Jack Dunn

Personal information
- Full name: John Fowler Dunn
- Date of birth: September 12, 1931 (age 94)
- Place of birth: Philadelphia, Pennsylvania, U.S.
- Position: Inside right

Youth career
- 1951–1954: Temple University

Senior career*
- Years: Team / Apps / (Gls)
- Uhrik Truckers
- Philadelphia United German-Hungarians

Managerial career
- 1958–1975: St. Joseph’s College

= Jack Dunn (soccer) =

American soccer player and coach (born 1931)

John Fowler Dunn (born September 12, 1931) is an American retired soccer inside right who was a four-time All-American, a member of the U.S. soccer team at the 1952 Summer Olympics. He was a four-time All-American and coached at the collegiate level.

==Player==
Dunn grew up in Philadelphia, Pennsylvania, where he played for the Lighthouse Boys Club and was three-time All City at Northeast Public High School.

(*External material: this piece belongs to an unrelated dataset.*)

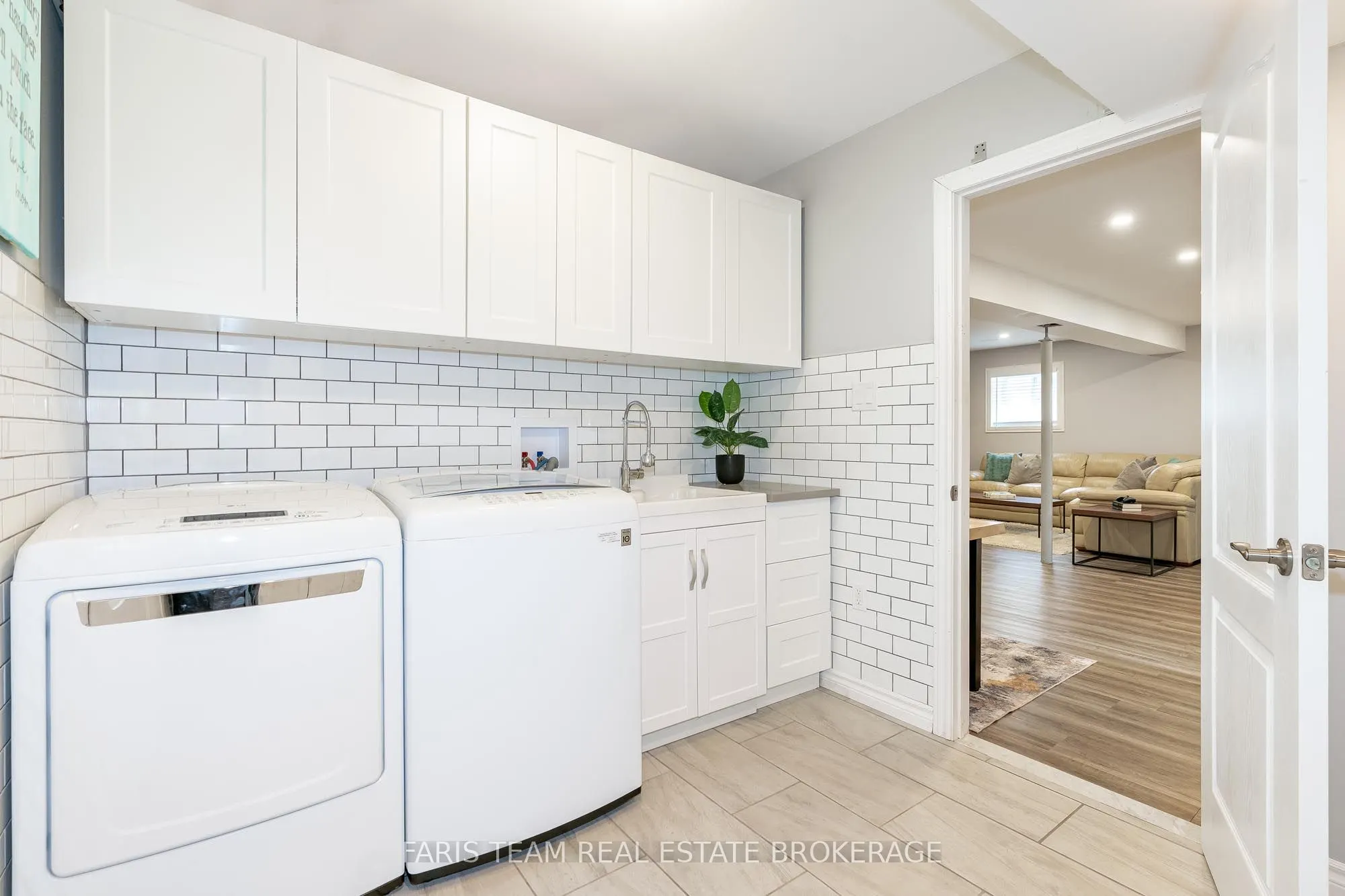 27 Marilyn Avenue S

He then attended Temple University, playing on the men's soccer team from 1951 to 1954. He was a 1951 Honorable Mention (third team) All-American, 1953 Second Team All-American and 1952 and 1954 First Team All-American. He graduated in 1955. He was inducted into the Temple Hall of Fame in 1975. In 1952, he was a member of the U.S. soccer team at the 1952 Summer Olympics.

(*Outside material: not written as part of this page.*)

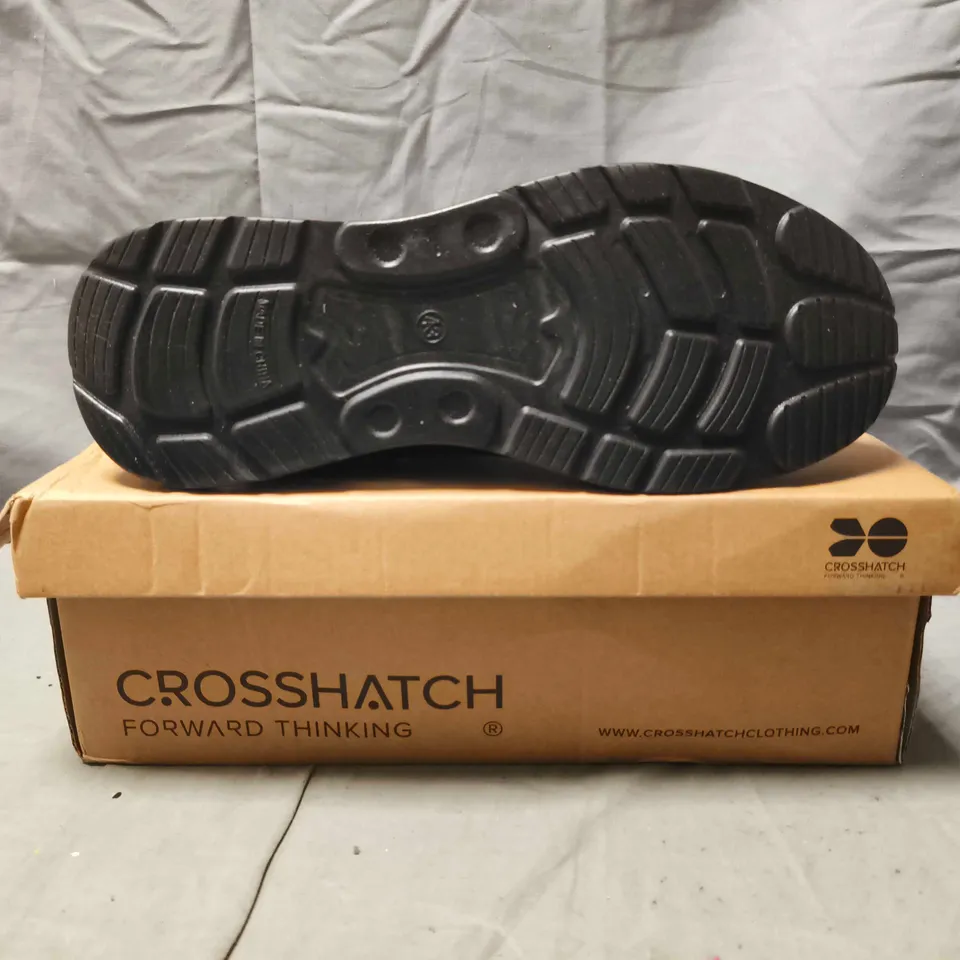 BOXED PAIR OF CROSSHATCH TRAINERS IN BLACK SIZE UK 9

Dunn may have spent several years with Uhrik Truckers in the American Soccer League. He played for the Brooklyn German Hungarians for a time. He also played and coached for the Philadelphia United German-Hungarians winning the 1965 National Amateur Cup with them. He played on four professional championship teams.

Dunn spent several years in the U.S. Army. He was discharged in 1958 and began working at Gulf Oil Company.

==Coach==
Dunn later coached at both the amateur and collegiate levels. In 1958, he was hired by St. Joseph's College in Philadelphia. He coached the school's team until 1975, compiling a 120–57–23 record.